Taiwan - Science and technology



In the 1970s, Taiwan instituted its Science and Technology Development Program. Coordinated by the National Science Council, the program seeks to encourage the development of "knowledge-intensive" industries through grants for the training of scientific personnel, subsidies for recruitment of distinguished scientists from abroad, and grants to universities to promote scientific research. Specific goals of the program are to integrate and promote research in geothermal energy, battery-powered vehicles, electronics, cancer treatment, pharmaceuticals, nuclear safety, and the development of high-precision instrumentation and computers.

The Industrial Technology Research Institute is charged with the transfer of pertinent technologies developed to manufacturing and other industries. College students are encouraged to build careers in engineering and science. In 1979, the Science-Based Industrial Park was established at Hsinchu, near the National Tsinghua University, with the objective of encouraging computer manufacturing and other high-technology industries by offering loans, tax incentives, and low-cost housing and factory buildings. By 1990, over 60 companies had established research and development and joint production facilities there. These include computer, semiconductor, precision electronics and instrumentation, telecommunications, and biotechnology firms.

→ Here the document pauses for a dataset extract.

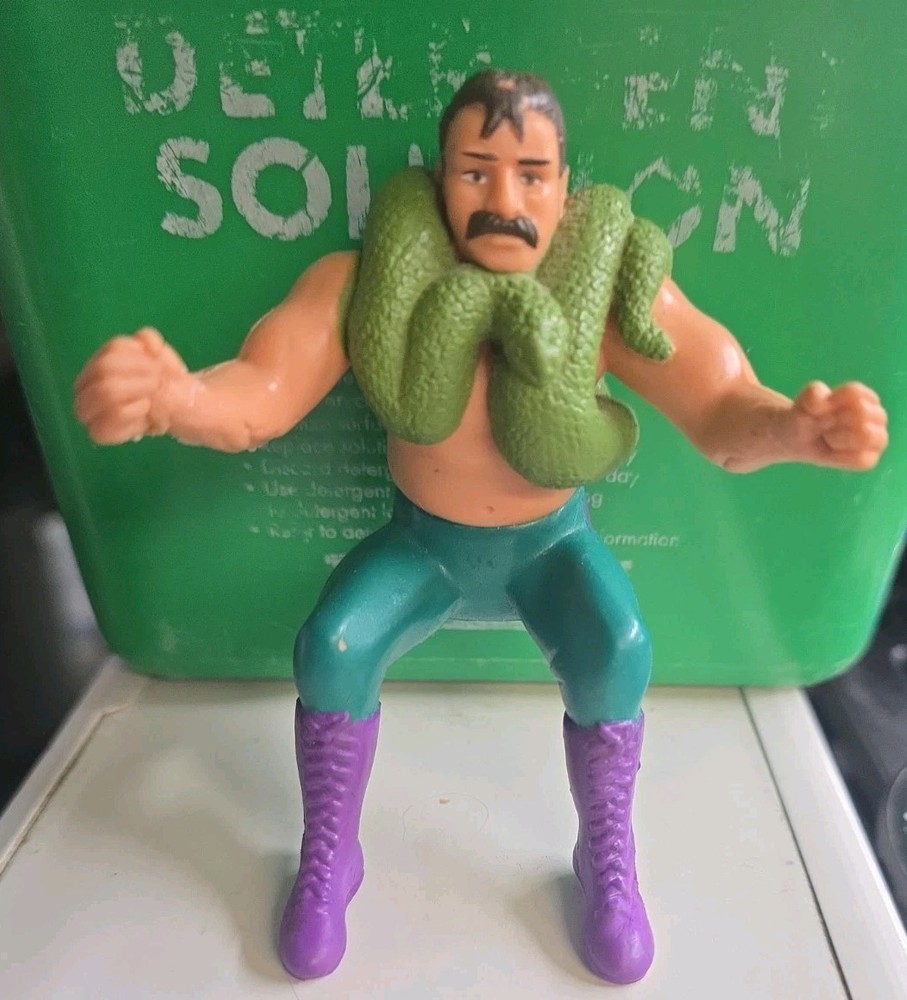 1987 WWF LJN Jake The Snake Roberts Thumb Wrestler Wrestling Figure used wear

The highest institution for scientific research on Taiwan is the Academia Sinica (Chinese Academy of Sciences), founded in 1928 and now located in T'aipei. Its 18 associated institutes carry on research in mathematics, statistics, history and philology, economics, modern history, physics, botany, zoology, ethnology, chemistry, molecular biology, biological chemistry, biomedical sciences, atomic and molecular sciences, earth sciences, information science, nuclear energy, social sciences and philosophy, and American culture. An Atomic Energy Council, founded in 1955, promotes atomic research.

In T'aipei, the National Taiwan Science Education Center has a planetarium and various exhibits; the Taiwan Museum has exhibits on natural history, geology, and ethnography, and a spectroscopic dating laboratory for fossils. Taiwan has 23 universities and colleges that offer courses in basic and applied sciences.